Barenboim brings a new urgency to conducting
In 1997, Daniel Barenboim conducted the Vienna Philharmonic at the Orange County Performing Arts Center. On one program was a Beethoven piano concerto led from the keyboard and played with expert polish but little inspiration. Outside, protesters objected to the politically incorrect Austrians -- not exactly hasty in hiring women -- and the scrappy demonstrators’ conviction appeared of greater urgency than the music making.
Truth be told, all that ossified perfection on stage, even when the orchestra woke up for a Strauss tone poem, was a little creepy. Barenboim, then in his mid-50s and since his teens one of the world’s most famous musicians, had gotten dull.
Barenboim returned to Segerstrom Hall on Friday night with the Staatskapelle Berlin. Beethoven -- the Fifth Symphony -- was again on a drearily conventional program that began with Schumann’s moldy “Manfred” Overture and his Fourth Symphony. But it was not dull. During the past five or six years, Barenboim has done some waking up of his own. Despite also presiding over the Chicago Symphony and the German State Opera in Berlin, he can, these days, seem to have more in common with the protesters than with the establishment.
Perhaps that has to do with his recent outspokenness, which has included harsh attacks against Israeli policy as well as constructive work in building bridges with Palestinian musicians. Barenboim has lately demonstrated himself to be a thinker (which he previously hid from public view) in a recent book of conversations with the late Palestinian intellectual Edward Said. And he has become a feisty political presence in Berlin, where he has headed the Staatskapelle since 1990.
The Staatskapelle is, by orchestra standards, ancient, formed in 1570, almost two centuries before the birth of what we consider the modern symphony orchestra.
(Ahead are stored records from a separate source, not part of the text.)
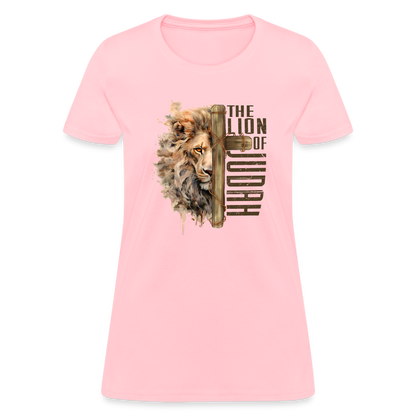 Jesus Lion of Judah Women's T-Shirt - pink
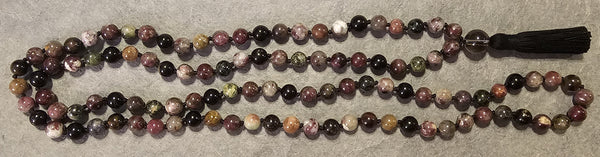 Purification Mala - Watermelon Tourmaline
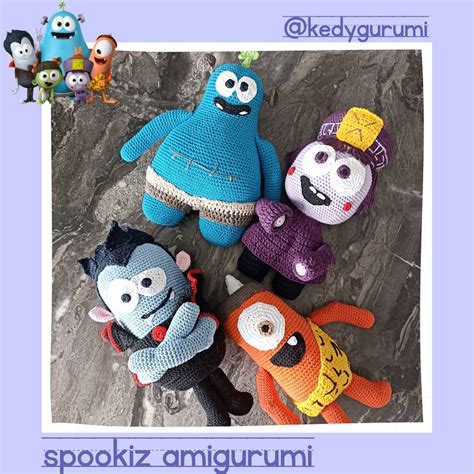 Spookiz Characters Amigurumi Toys Zizi Cula Kebi Frankie Etsy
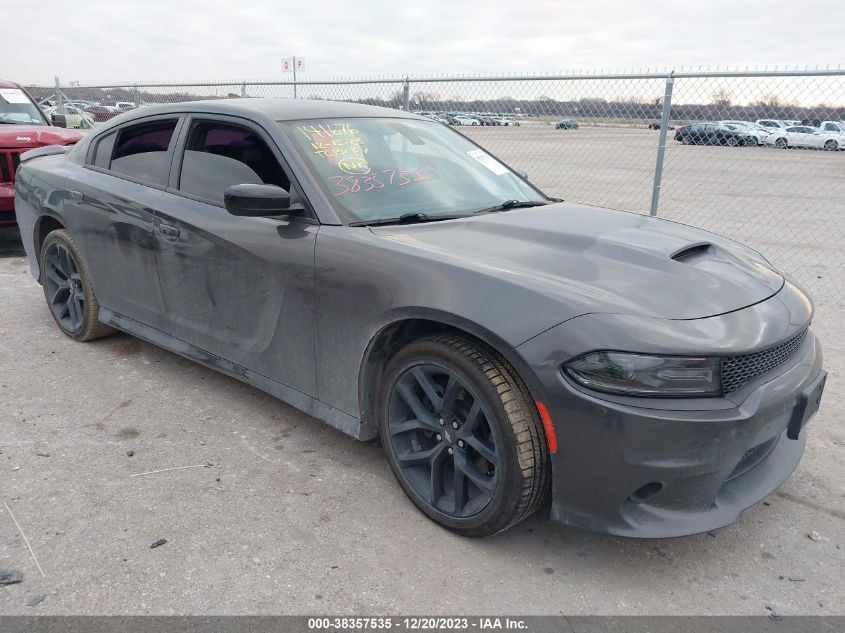 Lot #2476843131 2020 DODGE CHARGER GT RWD salvage car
Since German unification, the Staatskapelle, which was in the East, has fought for a piece of the dwindling Berlin arts subsidy pie, and without Barenboim’s agitation, it would probably be negligible by now.
An obsessive cyclist, Barenboim has led several international Beethoven symphony and concerto cycles (and he’ll throw in the piano sonatas for not much else) with the Staatskapelle. A couple of years ago in Berlin, he conducted all 10 mature Wagner operas in a cycle. Now he is on to Schumann. When the Staatskapelle ends its tour in New York, it will perform four all-Schumann concerts with the help of such impressive soloists as Radu Lupu, Gidon Kremer and Yo-Yo Ma. Barenboim and the orchestra have also just released a CD set of the four Schumann symphonies.
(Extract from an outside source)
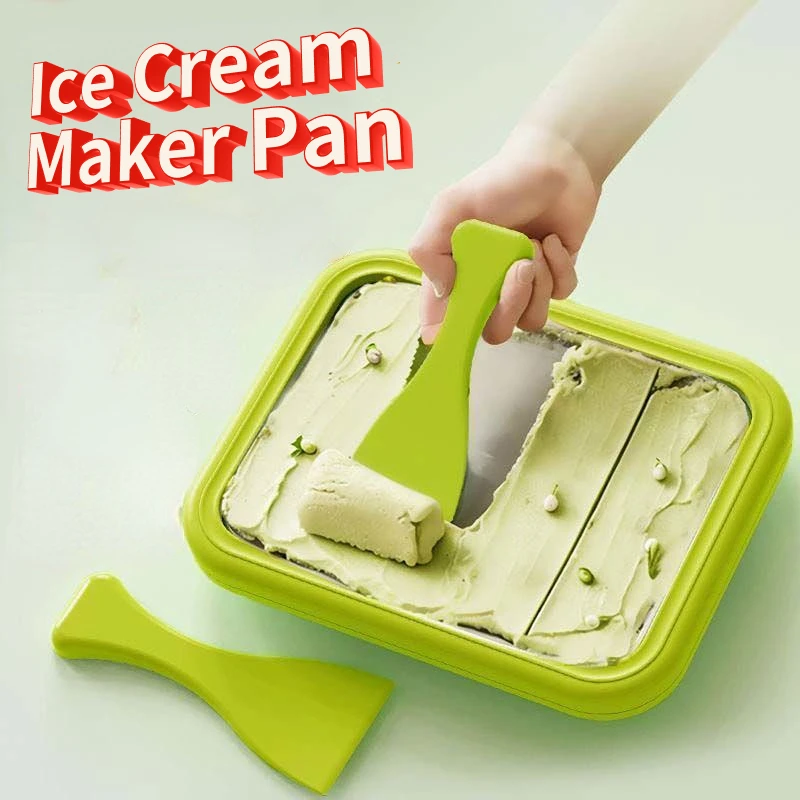 

New Ice Cream Maker Stir Fry Yogurt Machine Handmade DIY Ice Cream Roll Sweet Spot Cold Plate Summer Ice Cream Tool Household
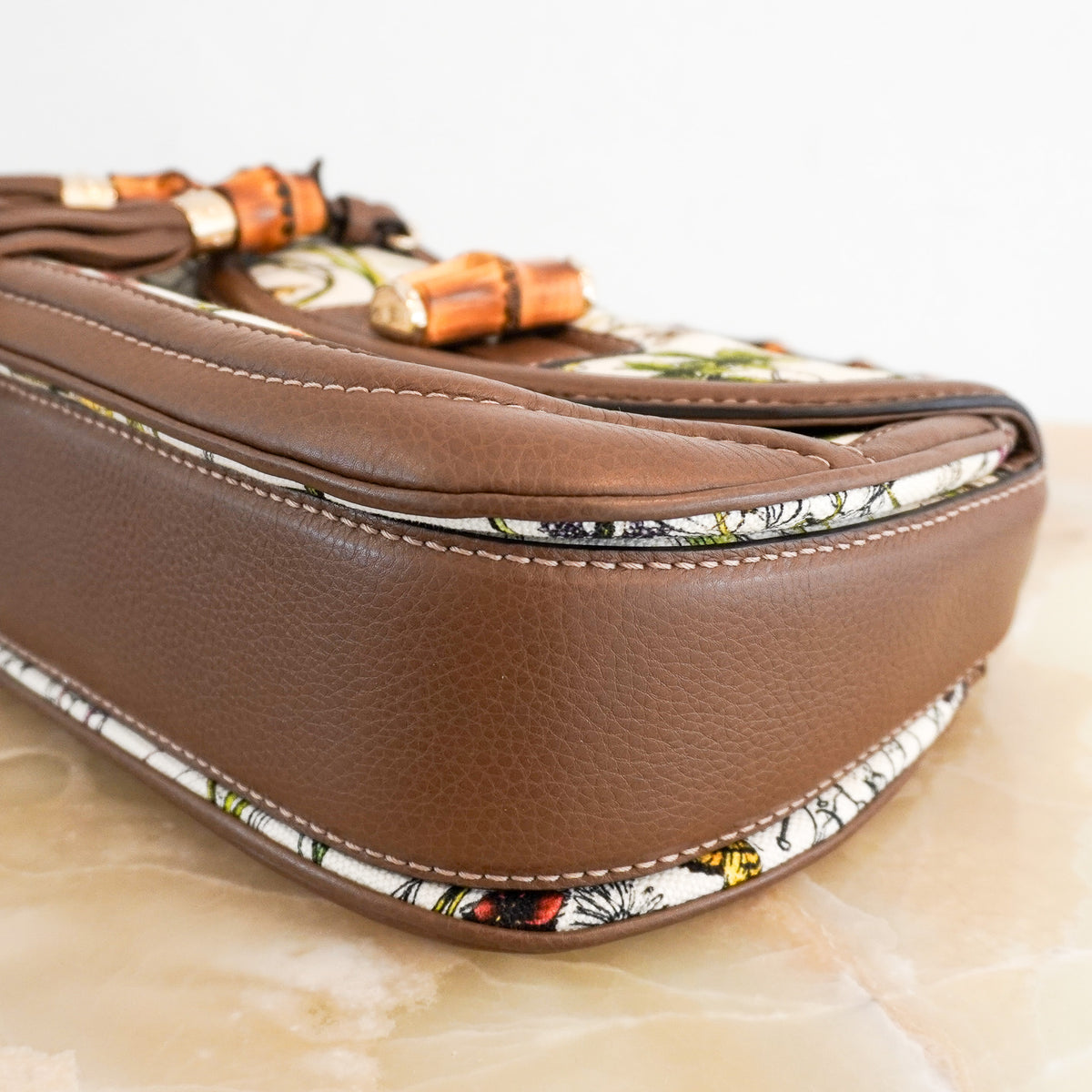 Gucci Flora Bamboo Top Handle Bag | Authentic Preloved - Reloved Again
Whether those concerts will be all too much or revelatory is hard to say from the Orange County appearance. Can the sense of urgency that this orchestra produced Friday be maintained over a longer range? The fact is that Schumann’s Fourth and Beethoven’s Fifth were played as though it were a matter of the greatest importance that one note follow the next.
Perhaps Barenboim’s political engagement has had something to do with this. The conductor showed little patience for niceties Friday, all of his attention focused on the big picture. His podium manner has become more spastic, the work of a general who has no time for nonsense. The Schumann symphony began with a grand sweep and rarely paused to catch a breath. The Scherzo was the flight of a cannonball, beginning with the explosion. Beethoven’s Fifth was even more driving. An army train leaves the station bound for war and, in battle, defeats the forces of darkness.
The Staatskapelle is not a great orchestra, but it has personality. It is so austerely dark-toned that you can almost believe its concertmaster is a violist. Even the high winds are unusually Cimmerian. Although the orchestral sound is built from the bottom range up, it is not in the soulful way of a Russian orchestra with a foundation in the double basses, but more booming. Here the timpani are the sonic footprint.
It is tempting to think of this as a holdover from the orchestra’s harsh life in East Germany, and unlike other major Berlin orchestras, the roster is still almost exclusively German. But whatever the reason, it is a gripping sound. And it presses Barenboim into an exhortative, crisis-management style of conducting that is meaningfully of the moment and genuinely exciting.